In execution, CNNs are harnessed for object and marker recognition in the real world for AR and MR. They further provide a more realistic and smooth experience in VR, AR, and MR. This encompasses the use of CNNs to generate more detailed virtual worlds, enhance image quality, and reduce latency. They are also used for tracking objects and individuals in the real world for AR and MR, facilitating precise overlay of virtual content. Additionally, they are applied to optimise performance and image quality in VR, heighten efficiency in virtual world generation, and minimise loading time and latency.

Regarding creation, CNNs are employed for the reconstruction of objects and 3D scenes in VR, AR, and MR. This enables the crafting of more detailed and realistic virtual content and also allows for the accurate creation of three-dimensional models of the real world for augmented and extended reality applications. They are even used for real-time scene reconstruction captured by cameras to enhance the accuracy of virtual content overlay in AR and MR. Furthermore, they can be utilised for the reconstruction of objects and 3D scenes from captured images and videos, facilitating the creation of more precise immersive experiences.

The implications of our findings extend across various domains, influencing researchers, developers, and practitioners involved in the technology and application of extended reality. This detailed breakdown provides a clear roadmap for each stakeholder group to harness the potential of CNNs in their respective fields, thus enhancing the utility and impact of the review. The Table 7 offers a detailed view of the use of CNNs in extended reality for each Stakeholder, focusing on the proposed classification, specifically on interaction, execution, and creation.

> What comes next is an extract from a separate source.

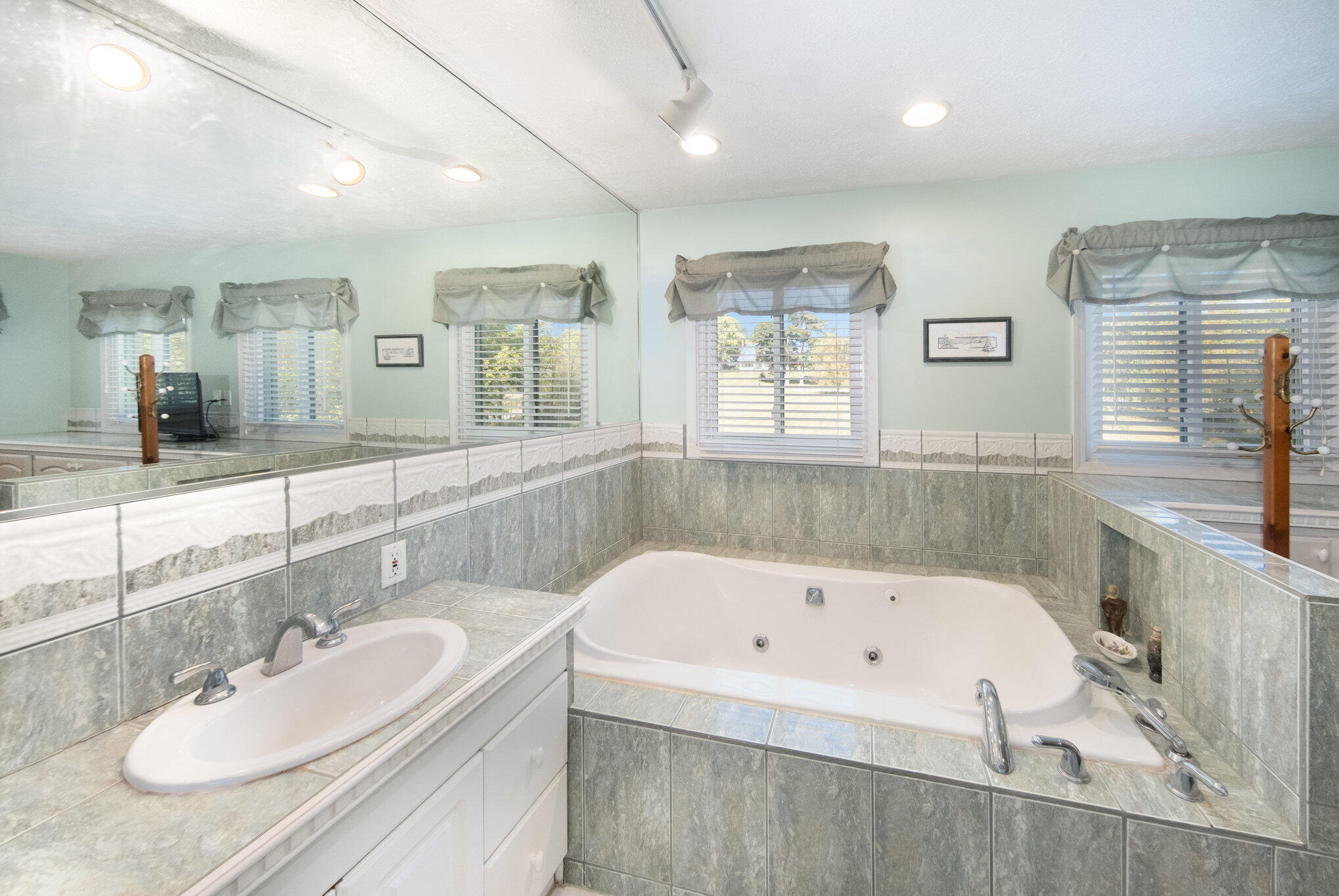 6109 -Waterworks Road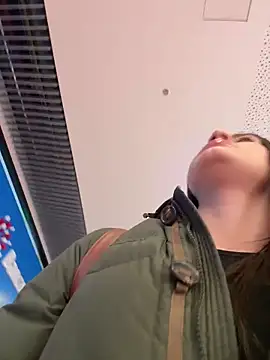 Snapshot of Isabella21_ chatting on September 25, 2025, 8:37 pm Isabella21 online show from September 25, 2025, 8:37 pm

The future work horizon of this research includes a detail of CNNs architectures, the analysis of advanced Deep Learning methods, such as Generative Adversarial Networks (GAN) (Bau et al. 2018) among others, in the field of XR. This exploration would enrich the study of artificial intelligence techniques in XR. It is vital to underline the importance of areas such as semantic segmentation, HCI and 3D reconstruction in the application of CNNs in XR. Its detailed research not only remains a priority, but also opens doors to more specialized research in each subdomain. This work could be further extended by adding new databases and delving into the aforementioned areas.